YOUR OBJECTIVE: Of the lines in the data below, write out exactly those from the one holding "Trespass issues" through the one holding "macaques de Barbarie", both included.

-.-.-

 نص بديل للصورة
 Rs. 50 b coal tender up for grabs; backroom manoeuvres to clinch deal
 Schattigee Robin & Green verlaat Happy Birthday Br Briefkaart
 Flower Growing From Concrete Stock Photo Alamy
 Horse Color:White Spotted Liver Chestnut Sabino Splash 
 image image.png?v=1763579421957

-.-.-

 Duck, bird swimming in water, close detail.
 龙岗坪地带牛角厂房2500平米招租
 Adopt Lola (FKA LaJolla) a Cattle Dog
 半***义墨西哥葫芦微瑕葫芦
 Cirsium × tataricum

-.-.-

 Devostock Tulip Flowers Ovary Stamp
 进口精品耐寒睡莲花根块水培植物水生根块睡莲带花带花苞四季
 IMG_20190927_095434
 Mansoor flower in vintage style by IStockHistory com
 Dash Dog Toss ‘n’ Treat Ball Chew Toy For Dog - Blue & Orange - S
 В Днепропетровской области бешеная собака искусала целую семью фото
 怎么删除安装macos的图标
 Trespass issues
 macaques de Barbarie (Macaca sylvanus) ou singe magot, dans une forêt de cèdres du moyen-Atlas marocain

-.-.-

RESPONSE BELOW:
 Trespass issues
 macaques de Barbarie (Macaca sylvanus) ou singe magot, dans une forêt de cèdres du moyen-Atlas marocain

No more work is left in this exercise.